A few months ago, gallery employees in Chelsea must have thought Bryan and I were nuts. Its an odd experience going into a gallery, not to look at the art, but instead to look at the "box".
When one goes about opening a gallery, details matter and it was an eye opening experience to see the galleries from a funtional/business standpoint. I even took pictures! (The comments next to the pictures are for my architect, Liz Hedrick, so that she could start to get an idea of what my Portland Gallery will look like. I'll post her drawings once they are ready.)
You learn lots of interesting things looking at the ceiling: its best to have three kinds of lights (one of the three being natural light), outlets and input jacks up there are a good idea for video art...luckily wireless technology has solved much of that. Ceilings to galleries are like shoes to people: you can tell alot about someone by the shoes they wear. Ditto for gallery ceilings. The light, above left, is the current standard in Chelsea gallery lighting by the way.

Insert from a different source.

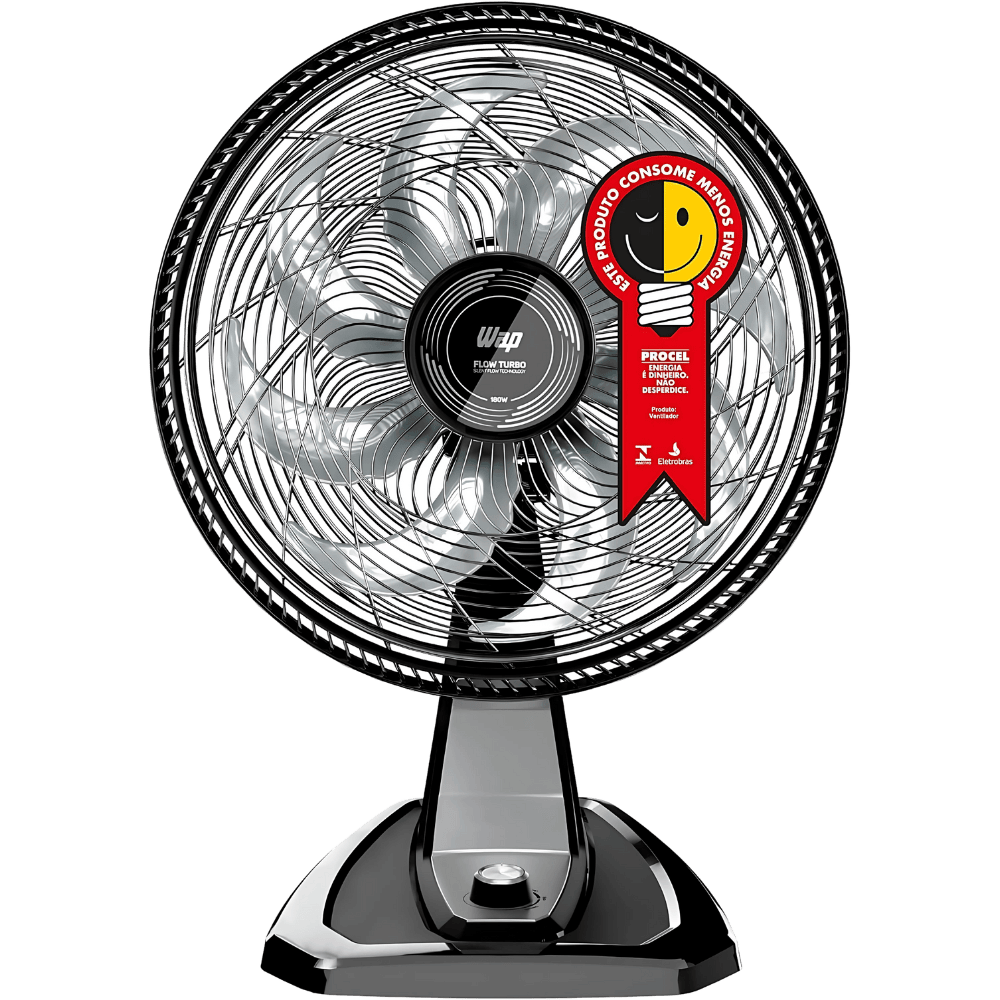 Ventilador WAP FLOW TURBO 50cm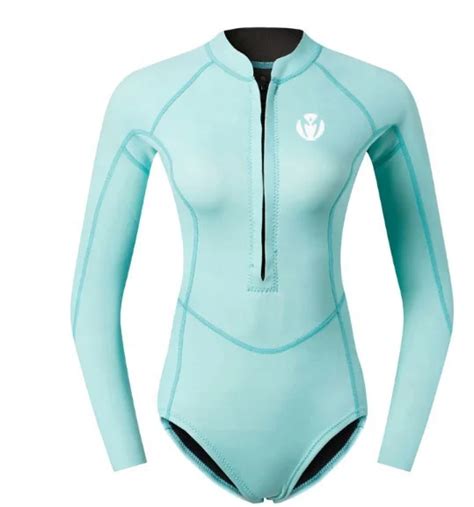 divestar customized 3 7mm thickness neoprene bikini stretch freediving wetsuit neoprene for lady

We had a great time evaluating galleries independent of their reputations and who they represented; instead our criteria consisted of how well the office was designed, how did the walls meet the floor, proportions of the galleries and of course the ceilings!
The one mistake that most young galleries make? Too small of an office. But see below.
Not entirely surprising, some of the hottest galleries in Chelsea have some of the worst planned and finished spaces. A plugged-in little bird told me that the lack of professionalism is somewhat intentional: non-professionalism as a marketing identity. Is it working? I'm not naming names but given the artists they represent, these intentionally(?) scrappy dealers seem to be far more savvy than they let on.